> WHAT IS REQUIRED: Find "Pisicuta de aproape 4 luni pentru adoptie" below and begin at its line; stop after the line with "11900 Alan Road". Output those lines exactly, without pictures.
[INPUT MATERIAL]
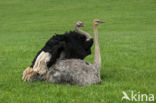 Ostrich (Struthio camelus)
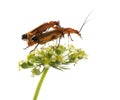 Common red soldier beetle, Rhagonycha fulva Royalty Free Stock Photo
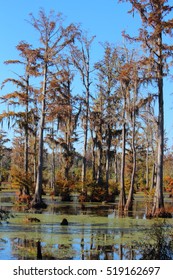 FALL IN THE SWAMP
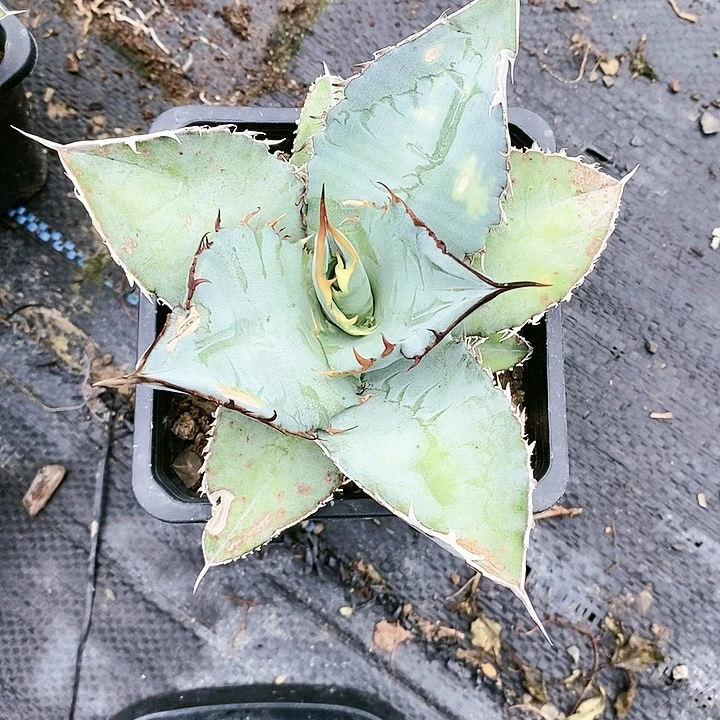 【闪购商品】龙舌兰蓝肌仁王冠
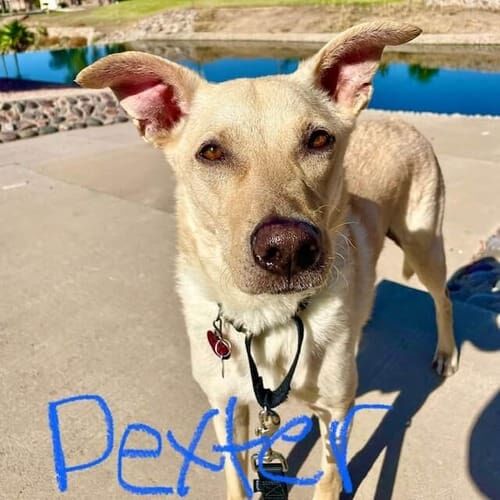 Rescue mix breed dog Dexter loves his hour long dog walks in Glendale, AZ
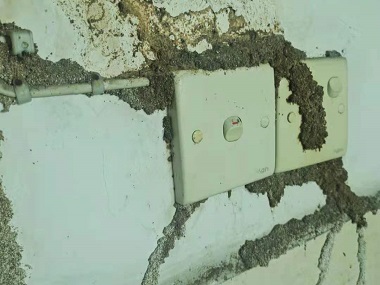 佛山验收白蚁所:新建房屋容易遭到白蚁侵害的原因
[/INPUT MATERIAL]
[INPUT MATERIAL]
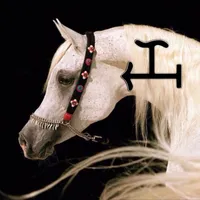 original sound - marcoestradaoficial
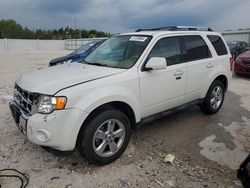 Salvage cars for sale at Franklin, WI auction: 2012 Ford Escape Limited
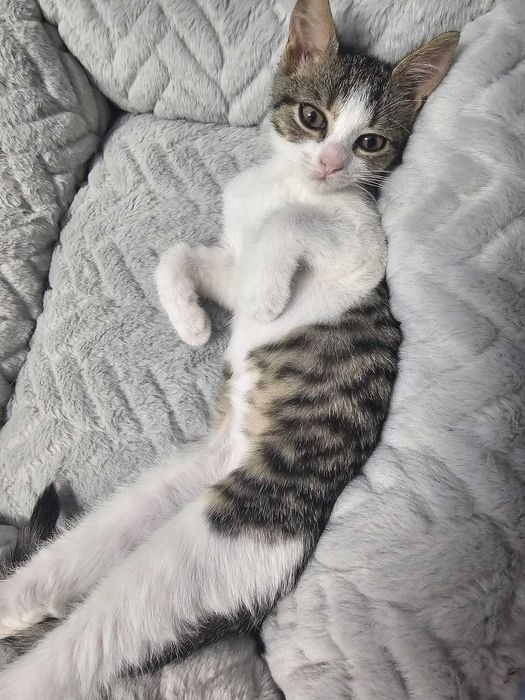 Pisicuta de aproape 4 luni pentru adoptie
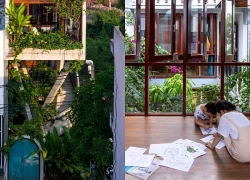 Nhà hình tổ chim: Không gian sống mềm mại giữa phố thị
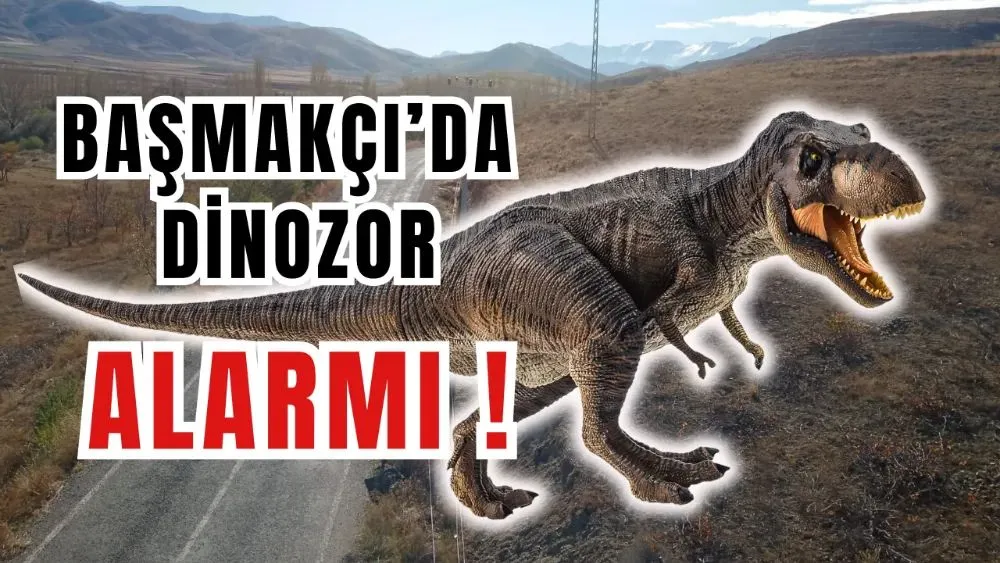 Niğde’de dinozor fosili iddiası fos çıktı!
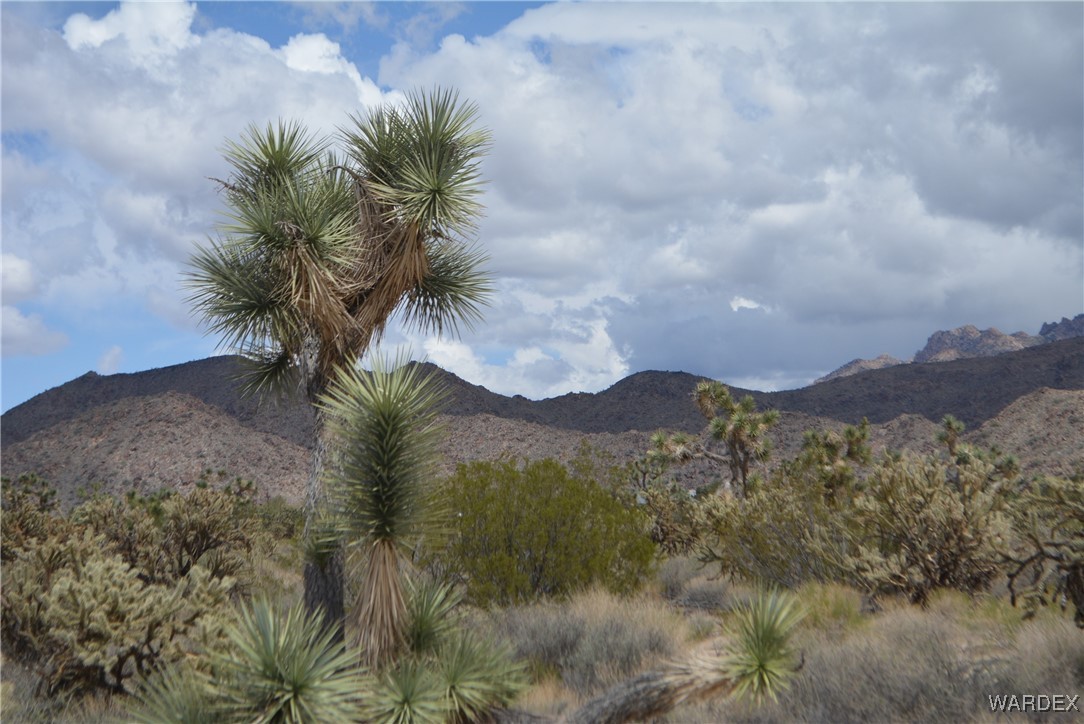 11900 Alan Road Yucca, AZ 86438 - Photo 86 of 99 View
[/INPUT MATERIAL]
> ANSWER SPACE:
 Pisicuta de aproape 4 luni pentru adoptie
 Nhà hình tổ chim: Không gian sống mềm mại giữa phố thị
 Niğde’de dinozor fosili iddiası fos çıktı!
 11900 Alan Road Yucca, AZ 86438 - Photo 86 of 99 View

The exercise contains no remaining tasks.